Et je les imagine, ces fiers contemporains, le premier soir, après la visite du marché flottant, se disant les uns aux autres: – Allez, bonsoir, je vais me coucher, je sois crevé, à demain matin, on ira visiter les temples, et se retrouvant une heure plus tard, par le plus grand des hasards, à contempler les filles exposées, presque nues, derrière la vitre panoramique d’un immense salon de massage. Je les imagine, tentant de dire, en anglais, le numéro de celle sur qui ils ont jeté leur dévolu. Je les imagine entrant dans la petite cellule tout juste équipée d’un lit étroit et d’une large baignoire, se répétant encore, une dernière fois qu’ils ne sont venus là que pour se décontracter les muscles du dos, crispés par un si long voyage, puis succombant peu à peu aux caresses de la fille, se laissant savonner, frotter, par elles, les laissant lover leurs petits corps centre leur bedaine, se prenant à esquisser, eux aussi, un geste timide, n’en pouvant plus d’attendre que la main experte se rapproche de ce point si sensible que des lustres de morale, d’alcool, de conformisme, de mariage, leur avaient presque appris à oublier.

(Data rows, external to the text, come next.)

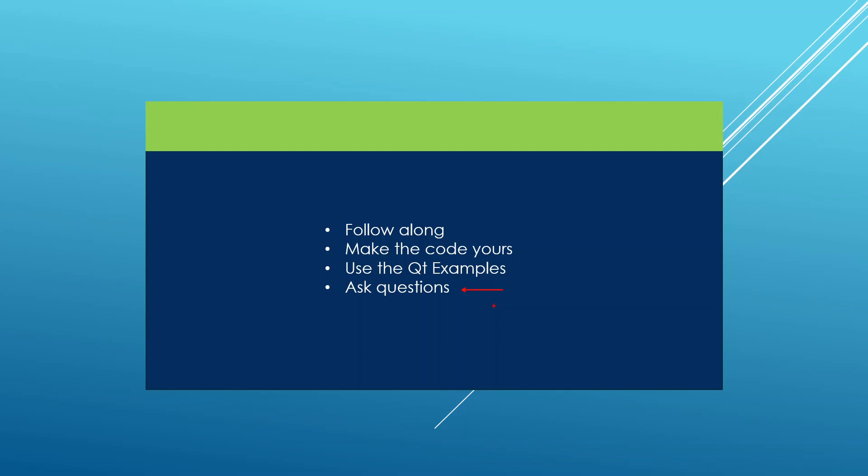Now that you know this, it is time we headed over to the next lecture and started setting up the environment for building PySide 6 applications in no time. Go ahead and finish up here and meet me there.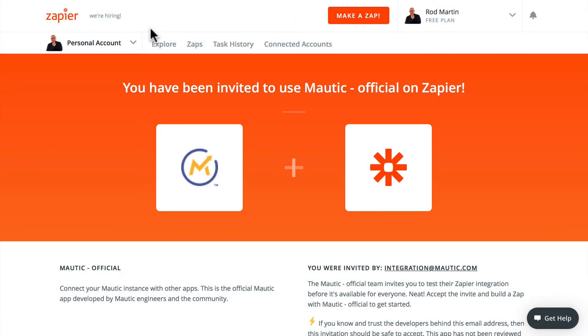In this video, I want to introduce you to the official Mautic Zapier integration that will help you build amazing zaps connected to your Mautic instance.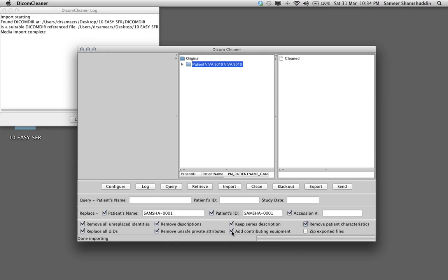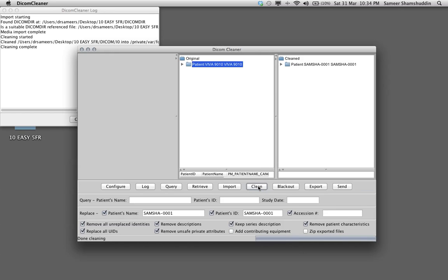And also uncheck this box add contributing equipment so you don't know from which hospital it has arrived. So all I have to do now is click the button Clean. You can see that this case has been renamed and cleaned as SAMSHA-0001 SAMSHA-0001.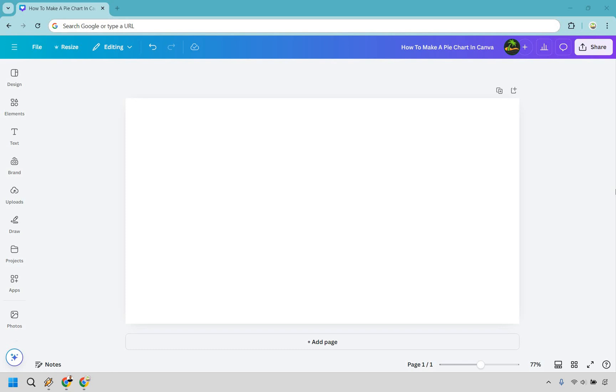Here's how to make a pie chart in Canva. It's very easy to do and you can click the link in the description to get Canva for free or simply use it for easier login access to follow along with me.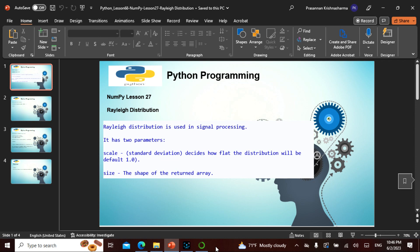Rayleigh has two parameters: one is scale and one is size. The scale is a standard deviation—it decides how flat the distribution will be, defaulted to 1.0. The size is the size of the returned array, which we all saw.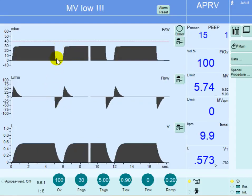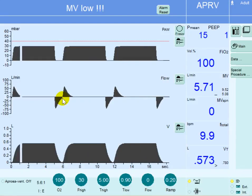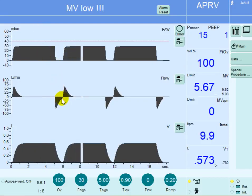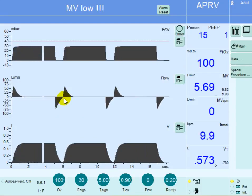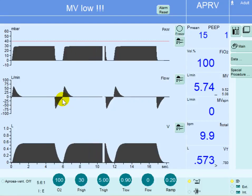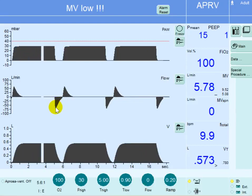Notice that every time the pressure is released, the flow goes to the peak expiratory flow and then decelerates. But in this patient the flow goes all the way to zero, meaning every time that pressure is released the patient is de-recruiting. There is no PEEP, so every time you release that pressure the flow goes to zero, emptying the lungs completely and leaving them de-recruited. This is a common mistake operators make.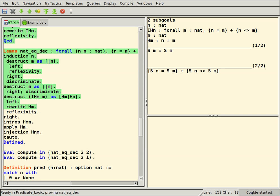JAPE, Java-based. Lego. Matita, a light system based on the calculus of inductive constructions. Minlog, a proof assistant based on first-order minimal logic.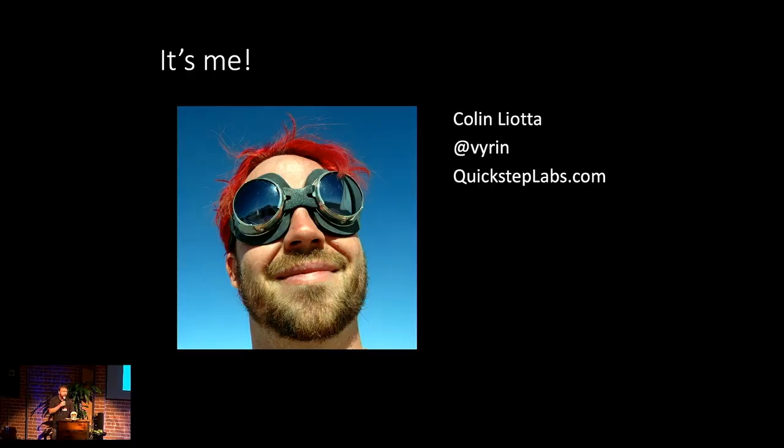Hey everyone. Thank you for having me at this wonderful celebration. It's been super fun. Like I said, my name is Colin Leota. On Twitter, I'm at Viren.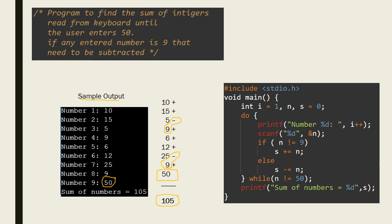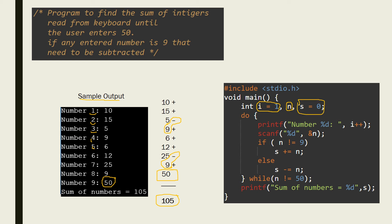The program displays prompts like 'number 1', 'number 2', 'number 3', etc. For this count I am using a counter variable i, initialized to 1 since we start from number one. Another variable n is declared to read the numbers one by one. To find the sum I am using S, initialized to zero.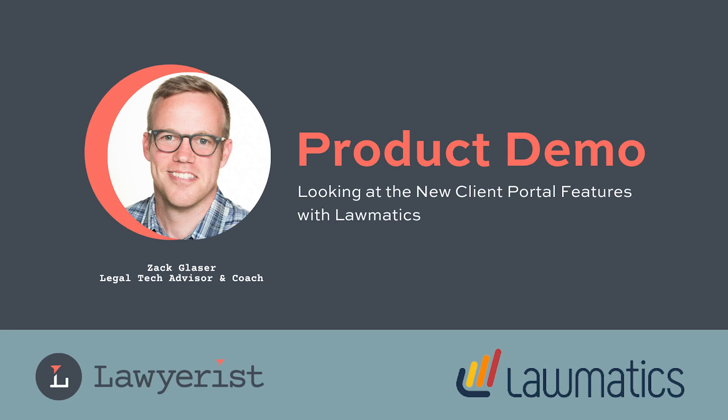Hey y'all, it's Zach, the legal tech advisor here at Lawyerist. A little while back, I was joined by Matt Spiegel, the president and CEO of Lawmatics. For the uninitiated, Lawmatics is a client resource manager specifically for law firms. In our interview, we spoke about the new client portal that Lawmatics released mid last year and the additions they've made since that release. Take a look as Matt leads me through some of their newer features in their client portal.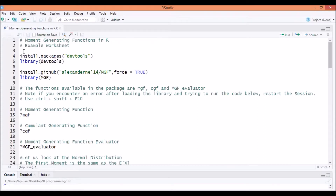Hey guys, Alexander here, and welcome to a video about a special package that I have written to facilitate your learning in probability theory and statistics. The package is titled MGF, and its main purpose is to enable you to effectively and easily use the moment generating functions and cumulant generating functions of the distributions that I have covered in the probability theory playlist in R. So let's start off.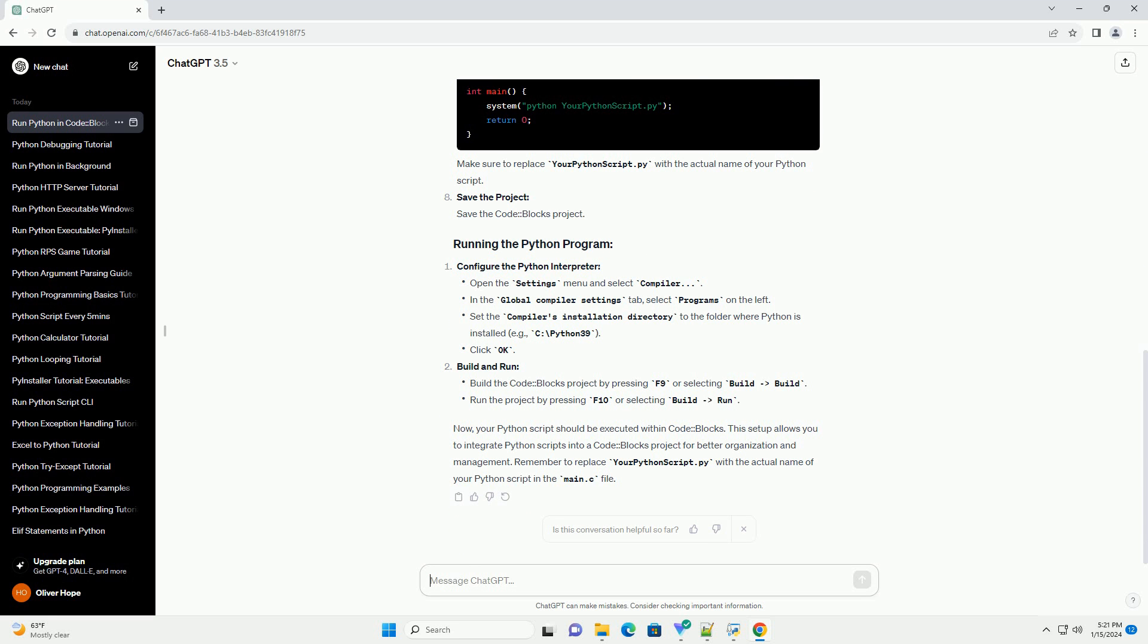Remember to replace your Python script.py with the actual name of your Python script in the main.c file.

Je les imagine découvrant en un éclair ce plaisir qu’ils n’avaient jamais vraiment connu auparavant, je les imagine se rhabillant, et sortant de là en se jurant que ce n’était qu’une fois, pour connaître car on ne peut tout de même pas venir à Bangkok sans faire un saut dans un salon de massage. Je les imagine vaseux, le lendemain matin, visitant les temples mais, dès la nuit tombée, à nouveau tout guillerets à l’idée de retourner dans le salon de la veille, pour retrouver la même gamine, on est fidèle ou on ne l’est pas.

Et je les vois là, à l’aéroport, achetant en catastrophe quelques souvenirs de pacotille pour montrer, à leur retour chez eux, qu’ils ne sont pas passés, mais alors pas du tout, à côté des mille et une merveilles de Thaïlande.